I participated in sports at the high school and college. Of course, sports there are soaked with Christian Science philosophy. One reason is certainly because it’s easy to claim a healing with no benchmark or proof necessary, and as expected, treatments and ‘healings’ abound. I tried to apply my own prayer as I participated, but despite some mental assurance in ‘knowing the truth’ about a situation, my physical performance never improved based on Christian Science, of course! If I ever thought it did, in retrospect I can easily see that I only started performing better after growing physically through puberty, and then truly applying myself to my sport instead of just messing around, as I did for a few years.


Related Reading:

About Neo:

Neo is a Principia Upper School and College alum. He lives abroad and is a dedicated atheist who prefers not to think about Christian Science. He hopes to raise his children to be clear-thinking, confident, and skeptical.


3 thoughts on “Guest Post: Neo’s Story (Part One)

  1. A CS-friend-of-the-family gifted us My First 300 Babies after my first son was born, as well as Baby Wise (similar ideas as My First, only slightly more problematic I ended up throwing both away, they were horrible and anxiety inducing.

    because her life was now wrapped up with the medical realities that come with cancer treatment, and those realities were not only alien and frightening to us, but also a forbidden topic of conversation, despite existing before our very eyes.

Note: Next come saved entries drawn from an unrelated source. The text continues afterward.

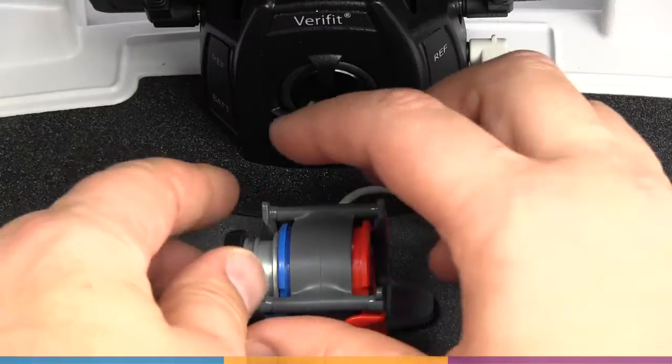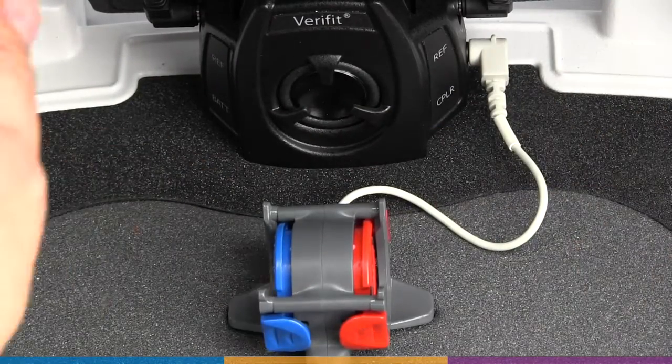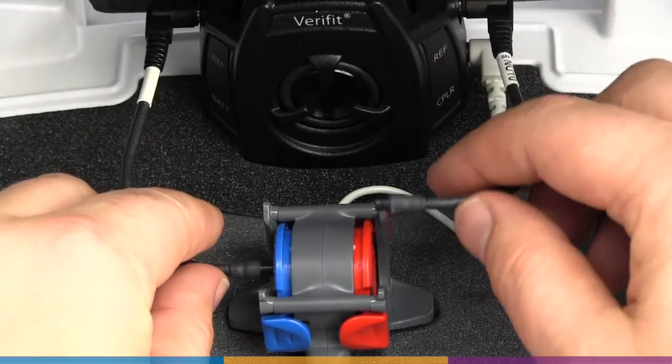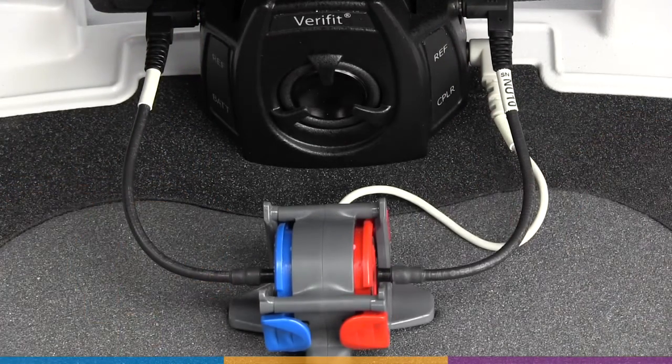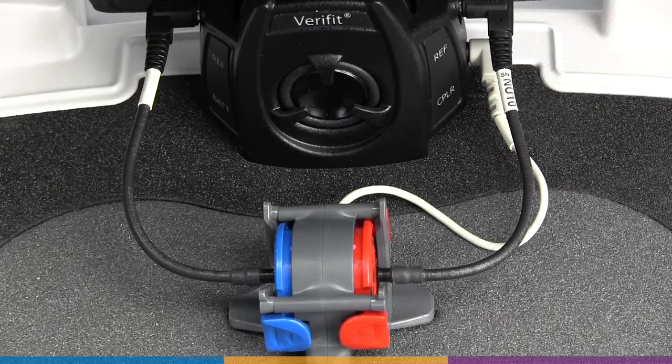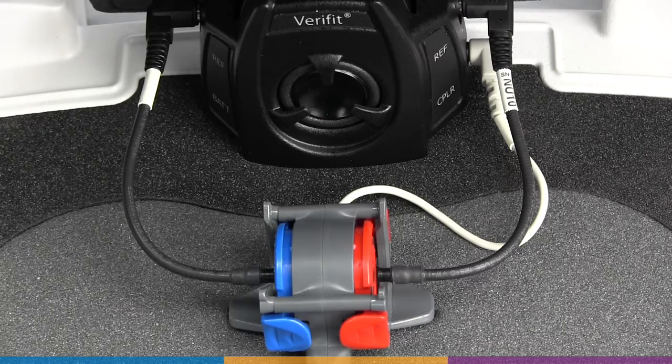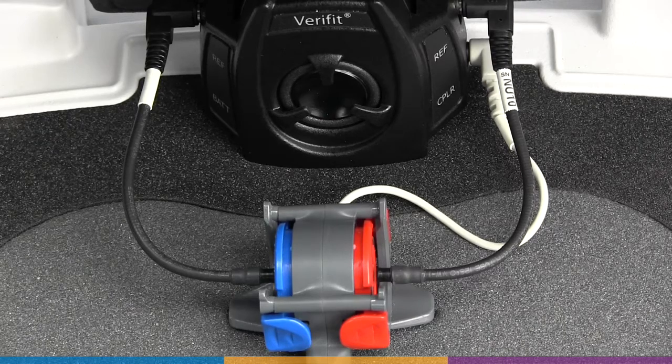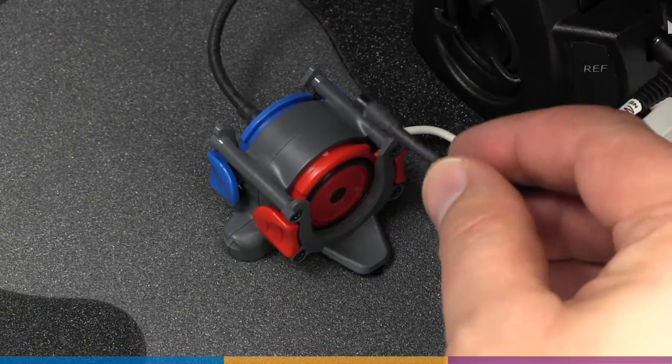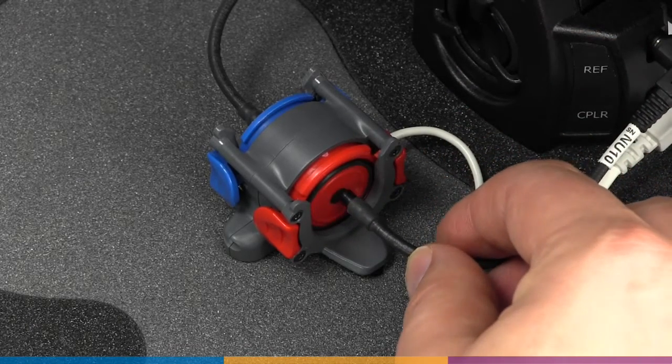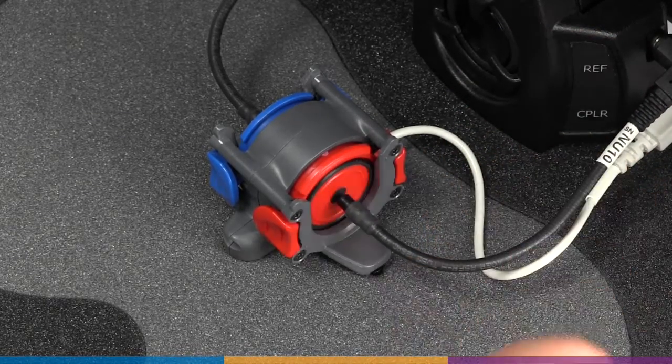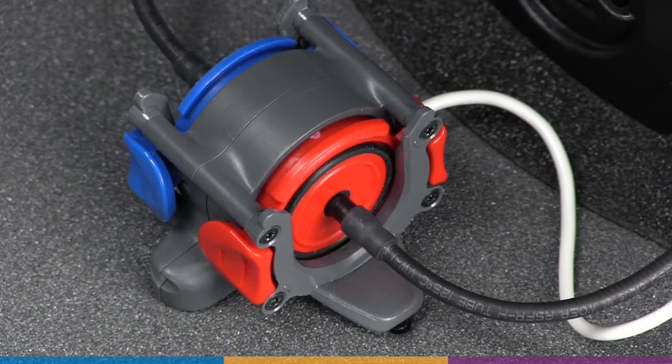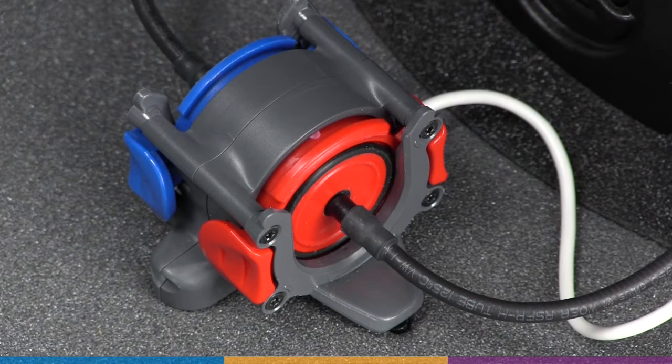On Verifit 2, both sides of the binaural coupler microphone must be calibrated. Position each reference microphone 1-3mm from the center opening of the coupler microphone. Due to the high frequency testing on the Verifit 2, positioning is slightly more important. The microphones need to be centered and close but not touching.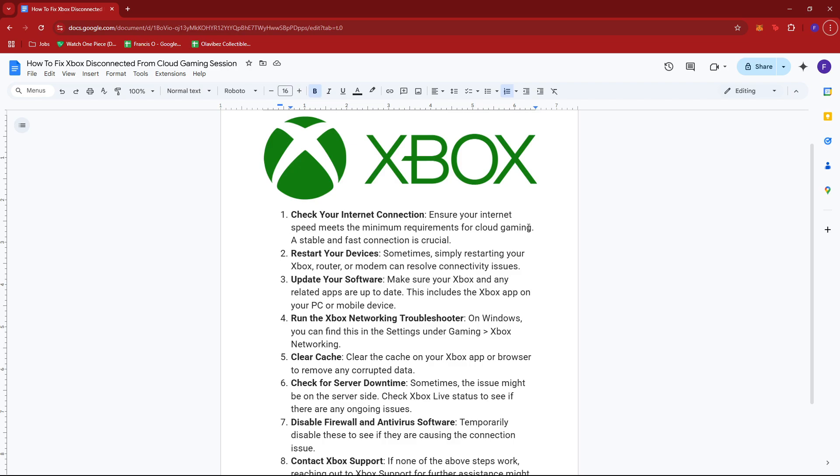The first thing you can try is to check your internet connection. Ensure your internet speed meets the minimum requirements for cloud gaming. A stable and fast connection is crucial.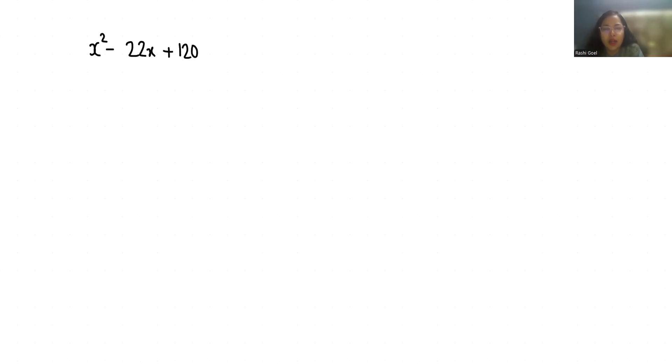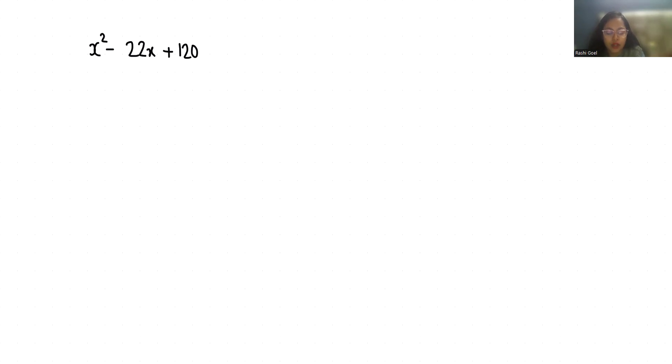Hello everyone, welcome to my channel. My name is Rashi Goyal and in this video we are going to factor the expression x² - 22x + 120. So let's start with today's video solution.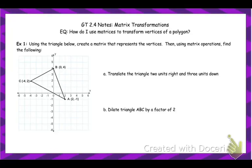Hi guys! So today we're going to look at how to use matrices to transform different polygons.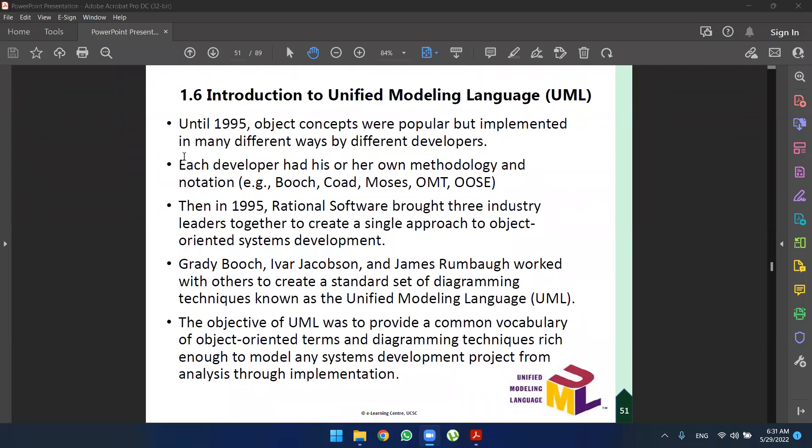We are going to discuss chapter 1, part 2, sections 1.1 to 1.5 in this video. We are going to discuss chapter 1.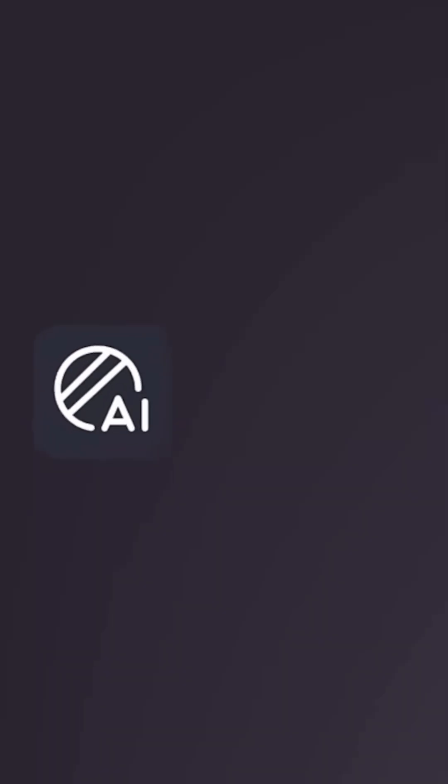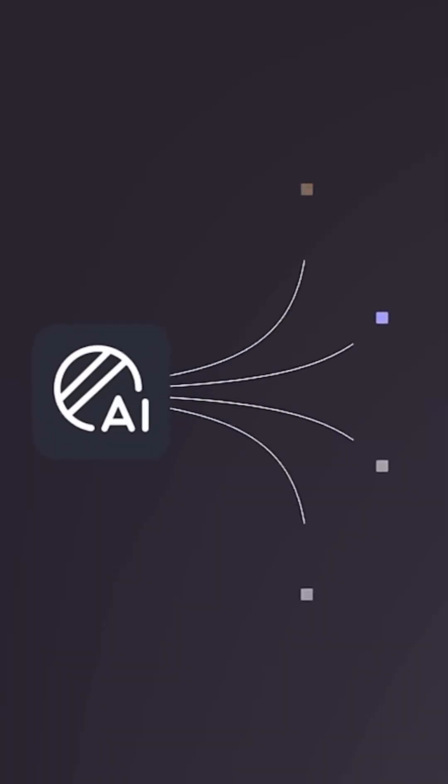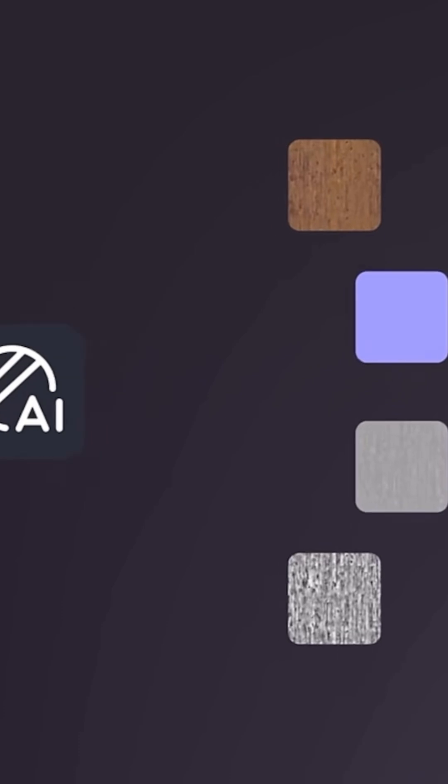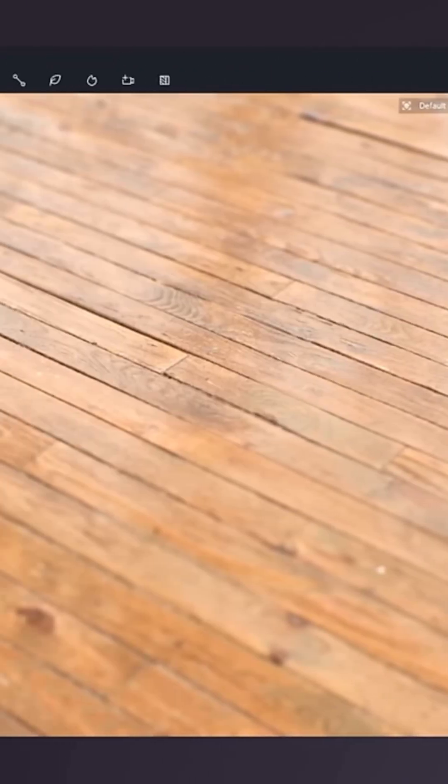Number three: AI generated texture maps. It allows you to generate high quality custom textures directly from ones you find online or that you've photographed. It will also create seamless texture maps so your renderings don't look like bad 80s video games.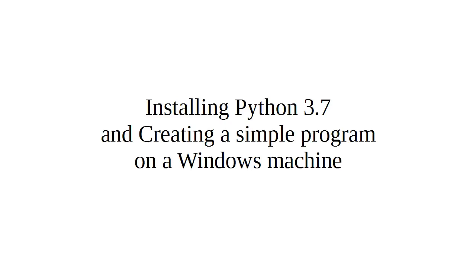All right, I'm going to show you how to install Python 3.7 and create a simple program on a Windows machine.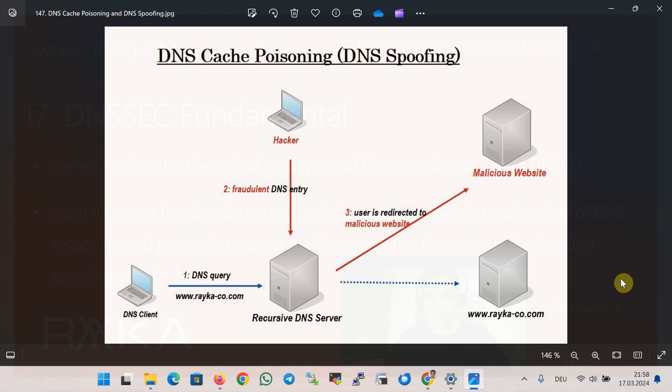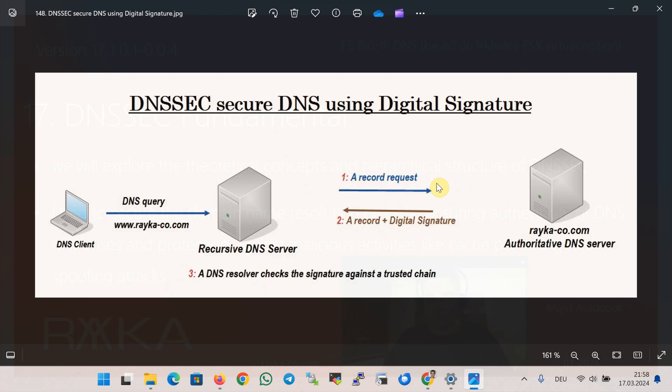By default, the DNS protocol does not provide security. This lack of security means that DNS responses cannot be authenticated — in other words, we are not sure about the origin or whether the response is legitimate or fake. Therefore, without DNSSEC, users could be redirected to malicious websites, exposing them to various cyber threats such as cache poisoning and spoofing.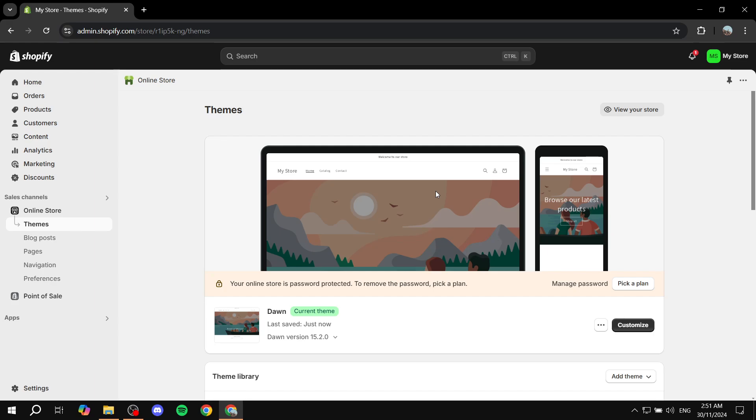Basically we can just go in and create one page with a lot of different products here to show, and we can do it very easily. So let's just go ahead and get to it.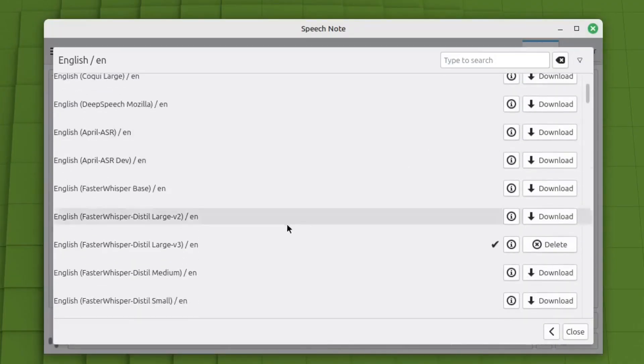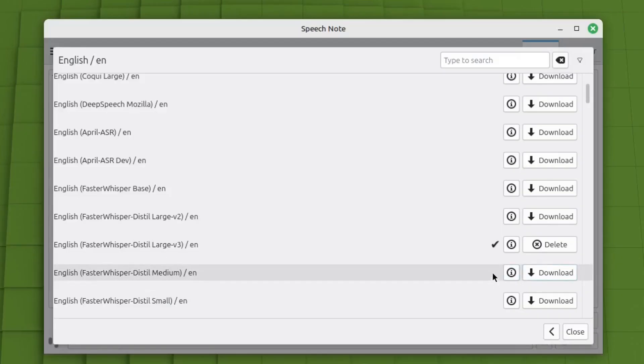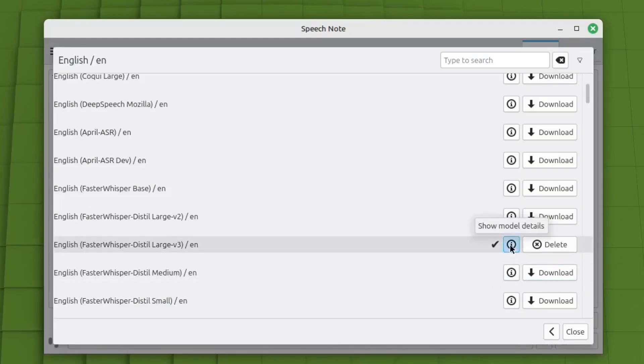If you go down here, this is the one that I installed. English, faster whisper, distill large version three. If you click on the I, it'll give you information about it.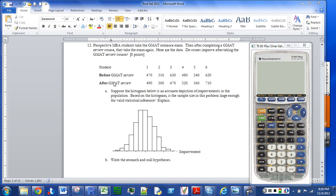Remember, with a before and after problem, this is really just a one-sample t-test once you get the differences. For example, for the first person, x is just the improvement of 20 — that's 490 minus 470.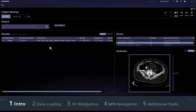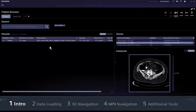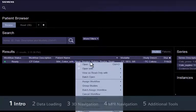First, make sure that the study is correctly assigned to the CT colon workflow. If it isn't, right-click the study and select Open with CT Colon.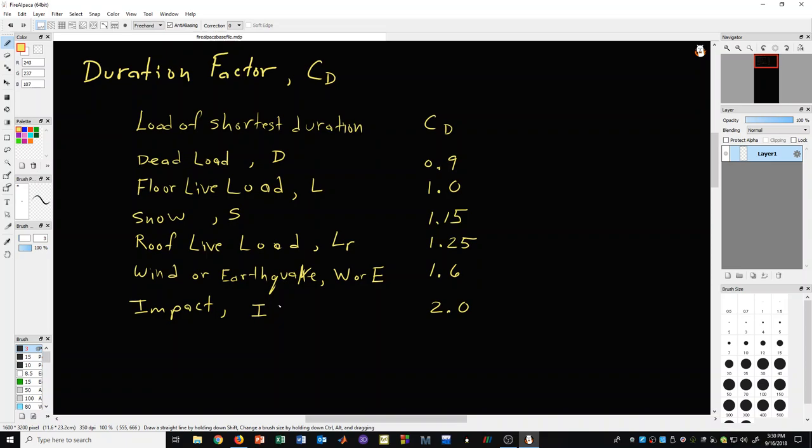With these things in hand, it's easy for a person then to choose the duration factor. And, of course, you have to look through your ASD load combination and ask yourself, what is the load of shortest duration in the particular load combination? And then you pick the corresponding C sub D value. Hopefully that's helpful to you.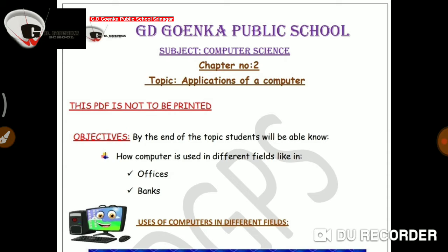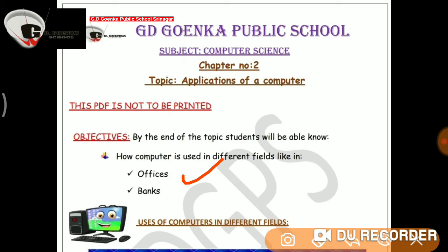Dear children, we have already learnt about three places where computers are being used: Number 1, home; Number 2, school; Number 3, markets. Now today we are going to learn about two more places where computers are being used, like offices and banks.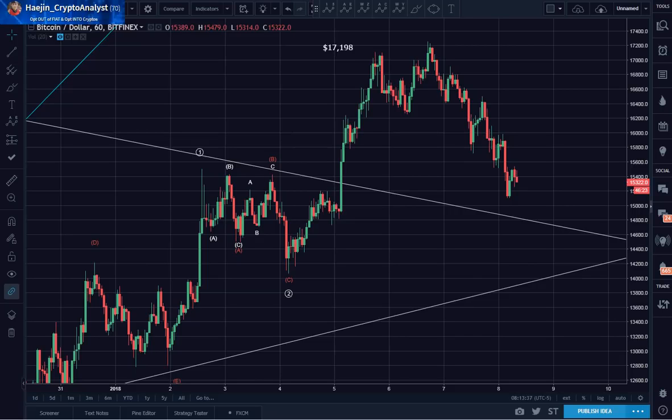Good morning, good afternoon, good evening depending on where you are in this world. This is Hejin Lee with a morning update for Bitcoin.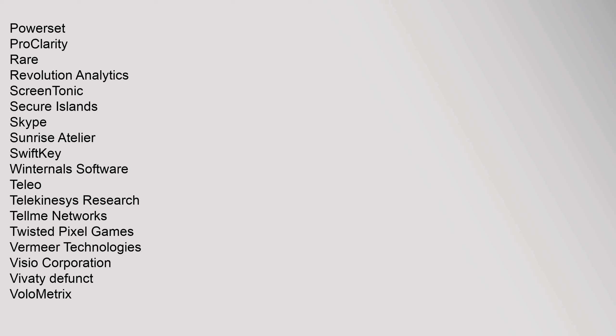Rare, Revolution Analytics, ScreenTonic, Secure Islands, Skype, Sunrise Atelier, SwiftKey, Winternals Software, Teleo, Telekinesys Research, Tellme Networks, Twisted Pixel Games, Vermeer Technologies, Visio Corporation, Vivaty defunct, Volumetrics, VXtreme, WebTV Networks, Xamarin, Yammer. UP Category Commons, Microsoft Portal, WikiProject.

    THIS!!! You’ve put it so eloquently. I watched my dad struggle for 10 years with increasingly debilitating strokes, congestive heart failure, etc. I was at Prin when it started happening, it was so foreign and frightening.

  2. I’m always amazed and grateful to read the stories on this page. I find reading these experiences so validating, so exhilarating, like being released suddenly from my worst nightmare and realizing that I’m actually okay! Extraordinary, really, how similar all of our stories are! It is like belonging to a special club.